ISE Agent download problems

kassabziad · ‎10-12-2012

Dears,

i have Cisco ISE 1.1.1 with patch installed, i am having a problem with downloading the CIsco NAC agent.

when i click on Install Agent, it is giving the attached message. and sometimes activex failed retrying with applet.

The Web agent is running fine, if i install the NAC agent manualy on my laptop, it is working fine, i have tried 3 laptops with different browser with sames problem.

BR,

Tarik Admani · ‎10-12-2012

Hi,

In your client provisioning policy, try selecting another version of the nac agent and see if that fixes your issue, also try to download the offline agent from cisco.com and upload that agent into the ISE resources section and see if that fixes the issue.

Thanks,

Tarik Admani
*Please rate helpful posts*

Christopher Calhoun · ‎10-12-2012

I am also having the same issue. I have modified my dACL to make it work I am just missing something in my Posture remediation ACL.

-CC

kassabziad · ‎10-13-2012

Dears,

Actually i tried many NAC agent version, same problem. The offline agent is used to download it directly on the workstation without downloading it from the ISE right?

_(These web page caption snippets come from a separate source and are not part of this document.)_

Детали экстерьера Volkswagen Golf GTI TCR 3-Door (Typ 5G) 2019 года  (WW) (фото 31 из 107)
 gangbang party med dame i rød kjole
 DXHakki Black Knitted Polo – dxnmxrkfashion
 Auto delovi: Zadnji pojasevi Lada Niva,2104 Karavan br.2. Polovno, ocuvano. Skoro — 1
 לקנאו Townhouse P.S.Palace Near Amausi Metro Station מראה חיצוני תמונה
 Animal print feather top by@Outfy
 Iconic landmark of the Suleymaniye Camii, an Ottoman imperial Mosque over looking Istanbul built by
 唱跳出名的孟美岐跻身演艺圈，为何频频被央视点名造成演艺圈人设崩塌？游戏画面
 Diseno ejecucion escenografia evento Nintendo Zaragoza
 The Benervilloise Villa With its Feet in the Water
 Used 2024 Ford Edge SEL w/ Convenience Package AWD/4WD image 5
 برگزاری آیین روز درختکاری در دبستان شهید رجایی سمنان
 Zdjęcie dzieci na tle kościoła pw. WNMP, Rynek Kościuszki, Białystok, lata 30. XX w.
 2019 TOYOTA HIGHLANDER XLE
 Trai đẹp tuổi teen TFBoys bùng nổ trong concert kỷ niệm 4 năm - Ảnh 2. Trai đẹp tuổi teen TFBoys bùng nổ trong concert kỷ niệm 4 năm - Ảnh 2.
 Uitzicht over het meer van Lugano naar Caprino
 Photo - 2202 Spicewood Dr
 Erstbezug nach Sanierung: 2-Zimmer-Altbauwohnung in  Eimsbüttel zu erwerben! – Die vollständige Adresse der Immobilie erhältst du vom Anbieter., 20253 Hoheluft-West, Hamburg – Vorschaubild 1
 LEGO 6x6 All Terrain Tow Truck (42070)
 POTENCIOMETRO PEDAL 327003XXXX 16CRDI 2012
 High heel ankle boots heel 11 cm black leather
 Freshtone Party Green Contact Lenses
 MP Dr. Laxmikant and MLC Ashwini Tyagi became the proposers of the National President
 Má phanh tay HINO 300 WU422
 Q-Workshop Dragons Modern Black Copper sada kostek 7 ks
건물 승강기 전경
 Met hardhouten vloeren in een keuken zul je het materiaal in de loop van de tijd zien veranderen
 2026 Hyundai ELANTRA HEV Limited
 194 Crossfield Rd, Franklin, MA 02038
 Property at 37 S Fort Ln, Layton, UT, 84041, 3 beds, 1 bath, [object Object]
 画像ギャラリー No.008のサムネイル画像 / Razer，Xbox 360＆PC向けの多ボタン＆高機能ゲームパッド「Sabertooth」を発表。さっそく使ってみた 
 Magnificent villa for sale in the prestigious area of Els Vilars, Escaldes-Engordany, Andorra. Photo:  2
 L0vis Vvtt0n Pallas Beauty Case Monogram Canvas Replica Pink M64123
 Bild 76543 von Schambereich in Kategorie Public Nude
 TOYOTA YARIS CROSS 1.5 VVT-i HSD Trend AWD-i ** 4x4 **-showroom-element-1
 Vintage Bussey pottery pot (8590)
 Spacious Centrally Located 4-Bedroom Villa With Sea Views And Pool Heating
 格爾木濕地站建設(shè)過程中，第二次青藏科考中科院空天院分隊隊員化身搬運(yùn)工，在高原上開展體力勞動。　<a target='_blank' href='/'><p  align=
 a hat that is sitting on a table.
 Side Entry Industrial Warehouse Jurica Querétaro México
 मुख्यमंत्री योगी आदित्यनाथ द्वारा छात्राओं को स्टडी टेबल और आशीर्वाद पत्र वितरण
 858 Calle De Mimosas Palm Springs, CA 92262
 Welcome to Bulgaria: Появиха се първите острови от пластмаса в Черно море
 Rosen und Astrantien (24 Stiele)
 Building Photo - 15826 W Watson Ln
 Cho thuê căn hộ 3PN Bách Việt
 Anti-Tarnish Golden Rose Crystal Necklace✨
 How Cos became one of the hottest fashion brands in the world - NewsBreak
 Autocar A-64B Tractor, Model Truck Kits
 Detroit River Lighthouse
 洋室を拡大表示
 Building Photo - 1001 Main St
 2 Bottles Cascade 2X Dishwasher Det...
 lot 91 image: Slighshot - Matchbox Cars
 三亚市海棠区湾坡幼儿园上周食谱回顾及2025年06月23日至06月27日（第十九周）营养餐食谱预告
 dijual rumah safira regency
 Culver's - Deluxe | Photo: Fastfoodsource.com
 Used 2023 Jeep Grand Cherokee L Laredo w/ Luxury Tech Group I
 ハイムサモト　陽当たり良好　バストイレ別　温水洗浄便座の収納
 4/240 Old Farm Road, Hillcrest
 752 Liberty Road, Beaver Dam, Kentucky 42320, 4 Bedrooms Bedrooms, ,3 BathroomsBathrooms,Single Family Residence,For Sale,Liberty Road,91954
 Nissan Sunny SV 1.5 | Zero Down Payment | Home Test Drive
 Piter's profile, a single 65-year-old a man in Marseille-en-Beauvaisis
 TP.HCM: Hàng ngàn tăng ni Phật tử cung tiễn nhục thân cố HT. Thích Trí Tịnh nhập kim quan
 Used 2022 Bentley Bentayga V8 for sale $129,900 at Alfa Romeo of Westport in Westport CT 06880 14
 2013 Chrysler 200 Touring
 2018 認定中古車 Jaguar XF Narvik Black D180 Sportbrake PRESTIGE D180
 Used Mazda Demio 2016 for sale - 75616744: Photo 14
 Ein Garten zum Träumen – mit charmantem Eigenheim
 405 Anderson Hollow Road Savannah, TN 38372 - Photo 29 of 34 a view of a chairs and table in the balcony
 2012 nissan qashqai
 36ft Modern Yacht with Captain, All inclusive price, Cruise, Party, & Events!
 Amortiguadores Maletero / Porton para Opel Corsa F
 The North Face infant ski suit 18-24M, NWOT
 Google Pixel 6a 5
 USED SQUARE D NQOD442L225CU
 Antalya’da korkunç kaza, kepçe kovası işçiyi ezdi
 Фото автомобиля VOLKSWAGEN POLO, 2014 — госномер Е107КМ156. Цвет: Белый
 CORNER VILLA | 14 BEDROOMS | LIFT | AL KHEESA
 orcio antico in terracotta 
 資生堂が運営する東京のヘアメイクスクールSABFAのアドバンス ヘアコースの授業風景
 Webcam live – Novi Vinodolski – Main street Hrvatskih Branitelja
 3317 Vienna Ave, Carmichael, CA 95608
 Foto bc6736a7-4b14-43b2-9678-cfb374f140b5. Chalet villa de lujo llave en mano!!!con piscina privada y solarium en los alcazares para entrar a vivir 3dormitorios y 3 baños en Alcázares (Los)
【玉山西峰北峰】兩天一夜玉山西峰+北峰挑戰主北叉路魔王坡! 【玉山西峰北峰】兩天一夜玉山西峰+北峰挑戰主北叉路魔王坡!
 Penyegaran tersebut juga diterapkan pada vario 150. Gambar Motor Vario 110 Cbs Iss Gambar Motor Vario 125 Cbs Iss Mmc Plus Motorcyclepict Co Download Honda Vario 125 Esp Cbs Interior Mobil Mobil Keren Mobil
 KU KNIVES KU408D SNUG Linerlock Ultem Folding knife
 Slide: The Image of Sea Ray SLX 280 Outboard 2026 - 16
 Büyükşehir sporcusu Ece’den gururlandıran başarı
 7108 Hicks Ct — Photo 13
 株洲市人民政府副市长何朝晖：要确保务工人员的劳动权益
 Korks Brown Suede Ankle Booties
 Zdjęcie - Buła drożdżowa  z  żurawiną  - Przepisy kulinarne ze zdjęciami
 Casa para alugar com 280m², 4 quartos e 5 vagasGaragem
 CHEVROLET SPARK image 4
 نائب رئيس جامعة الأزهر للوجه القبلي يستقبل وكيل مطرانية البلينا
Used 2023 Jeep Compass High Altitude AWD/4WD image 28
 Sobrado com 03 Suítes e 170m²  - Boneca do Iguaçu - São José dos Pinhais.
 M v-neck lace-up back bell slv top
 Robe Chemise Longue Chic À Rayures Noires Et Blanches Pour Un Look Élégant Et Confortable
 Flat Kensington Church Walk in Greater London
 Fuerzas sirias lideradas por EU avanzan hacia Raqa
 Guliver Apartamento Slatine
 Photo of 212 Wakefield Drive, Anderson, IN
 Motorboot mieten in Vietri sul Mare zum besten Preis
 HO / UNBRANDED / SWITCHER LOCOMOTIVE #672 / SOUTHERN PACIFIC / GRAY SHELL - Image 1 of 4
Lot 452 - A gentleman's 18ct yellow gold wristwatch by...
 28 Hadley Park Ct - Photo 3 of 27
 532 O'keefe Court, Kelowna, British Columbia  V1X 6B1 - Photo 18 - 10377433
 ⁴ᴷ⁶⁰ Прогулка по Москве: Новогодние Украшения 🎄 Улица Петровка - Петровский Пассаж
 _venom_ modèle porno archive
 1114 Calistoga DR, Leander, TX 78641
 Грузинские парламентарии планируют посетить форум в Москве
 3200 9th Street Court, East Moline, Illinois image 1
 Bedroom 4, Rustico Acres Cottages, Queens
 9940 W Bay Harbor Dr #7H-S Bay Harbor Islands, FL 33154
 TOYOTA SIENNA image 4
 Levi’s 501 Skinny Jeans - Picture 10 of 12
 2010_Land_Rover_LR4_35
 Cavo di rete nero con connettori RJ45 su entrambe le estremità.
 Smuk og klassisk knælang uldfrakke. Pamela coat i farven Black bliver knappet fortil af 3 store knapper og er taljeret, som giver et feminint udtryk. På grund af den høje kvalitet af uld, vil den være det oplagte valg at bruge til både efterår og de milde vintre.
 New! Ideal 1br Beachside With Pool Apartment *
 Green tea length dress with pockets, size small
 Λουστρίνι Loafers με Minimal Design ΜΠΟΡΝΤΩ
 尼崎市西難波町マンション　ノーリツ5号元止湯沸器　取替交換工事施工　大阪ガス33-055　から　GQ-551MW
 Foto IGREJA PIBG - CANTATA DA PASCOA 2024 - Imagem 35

Christopher, can you please share your DACL, i used the one from the ISE Posture guide.

BR,

Christopher Calhoun · ‎10-15-2012

I am going to try and work on narrowing down what it is actually accessing. I also used the gold lab material and it does not work with the downloadable ACL provided. I simply did a PERMTI IP ANY ANY at the end of my dACL and it downloaded the client without issues from my Policy server.

Something is missing.

-CC

Christopher Calhoun · ‎10-16-2012

Here is the downloadable ACL for posture I used to get it to work. It needs TCP 8909 to the Posturing nodes.

permit tcp any any eq www

permit tcp any any eq 443

permit tcp any host eq 8443

permit tcp any host eq 8905

permit tcp any host eq 8909

permit tcp any host eq 8443

permit tcp any host eq 8905

permit tcp any host eq 8909

permit udp any any eq domain

permit udp any host eq 8905

permit udp any host eq 8906

permit udp any host eq 8905

permit udp any host eq 8906

permit icmp any any

Original LAB ACL

permit udp any any eq domain

permit icmp any any

permit tcp any host 10.1.100.21 eq 8443

permit tcp any any eq 80

permit tcp any any eq 443

permit tcp any host 10.1.100.21 eq 8905

permit udp any host 10.1.100.21 eq 8905

permit udp any host 10.1.100.21 eq 8906

Venkatesh Attuluri · ‎07-15-2013

Ensure that a client provisioning policy exists in Cisco ISE. If yes, verify the

policy identity group, conditions, and type of agent(s) defined in the policy.

(Also ensure whether or not there is any agent profile configured under Policy >

Policy Elements > Results > Client Provisioning > Resources > Add > ISE

Posture Agent Profile, even a profile with all default values.)

• Try reauthenticating the client machine by bouncing the port on the access

switch.

Remember that the client provisioning agent installer download requires the following:

• The user must allow the ActiveX installer in the browser session the first time an agent is installed

on the client machine. (The client provisioning download page prompts for this.)

• The client machine must have Internet access.